WEATHER REPORT — Weather Report (review)

WEATHER REPORT — Weather Report album cover Album · 1971 · Fusion Buy this album from MMA partners
5/5 ·
Sean Trane
With two WR members emanating from Miles’ Bitches Brew line-up (Zawinul and Shorter), it was obvious that their first album would be heavily influenced by it. But to everyone’s surprise, WR’s debut only took BB as a starting point and expanded on it, pushing the musical adventure a notch further and improvising so well and inspired, that you’d swear the whole thing is written. The duo enrolled the Czech-born Miroslav Vitous, (which will become an indispensable early WR’s pillar) than secured Brazilian-born percussionist Airto Moreira and drummer Alphonse Mouzon, thus creating a real super group or an all-star line-up, as the jazz circles prefer it. Released in March 71 on the Columbia banner with a strange abstract artwork, WR’s debut would take the JR scene by storm.

Right from the first twitches of Milky Way, we just know we’re in for a long strange trip, as the music flirts with atonalities, then reaching a strange metamorphosed Miles jazz-funk (Umbrellas) that takes away the pleasantness and replacing it with cold hard improvising. On Seventh Arrow (a Vitous track), Zawinul’s Fender Rhodes takes us sky-bound with Shorter’s sax hovering like a mosquito around our ears until Zawinul derails the train into cosmic heights with his weird synths layers. The album’s highlight is the Zawinul-penned Orange Lady, starting out lazily under the noontime sun, and then simply roasting under the scorching zenith sun.
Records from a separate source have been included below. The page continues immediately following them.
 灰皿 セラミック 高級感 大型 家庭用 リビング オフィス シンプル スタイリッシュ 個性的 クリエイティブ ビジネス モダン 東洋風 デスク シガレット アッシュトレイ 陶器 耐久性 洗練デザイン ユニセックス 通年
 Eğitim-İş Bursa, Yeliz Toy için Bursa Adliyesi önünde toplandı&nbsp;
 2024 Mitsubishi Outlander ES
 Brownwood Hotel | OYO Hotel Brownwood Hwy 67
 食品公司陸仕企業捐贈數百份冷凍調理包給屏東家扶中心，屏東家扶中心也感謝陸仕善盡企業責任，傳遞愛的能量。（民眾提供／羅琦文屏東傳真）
The flipside opens on the magical Morning Lake, with Zawinul’s Rhodes layering the track as to allow Vitous to soar with his bass, while Shorter’s sax is the cool breeze setting the mist apart to let the sunrays grace our ears. Waterfall, as you’d guess, is definitely more rapid than the Morning Lake, but obviously the cool Shorter breeze is not yet shaking the night’s torpor. Shorter was being short-changed in terms of songwriting credits up to now, but he gets to close the album with two tracks, first the again-slow (but brooding and menacing) Tears (astounding track with celestial voices) and the funkier Eurydice, which is much closer to conventional jazz than the Z-S duo had done in quite a while.

An impeccable album, but not likely suited for everyone as it is much slower than you’d expect a WR album, especially for those more familiar with the Pastorius days. Personally, I always preferred the Vitous-era as they were truly groundbreaking and along with its successor, this album is clearly their most progressive.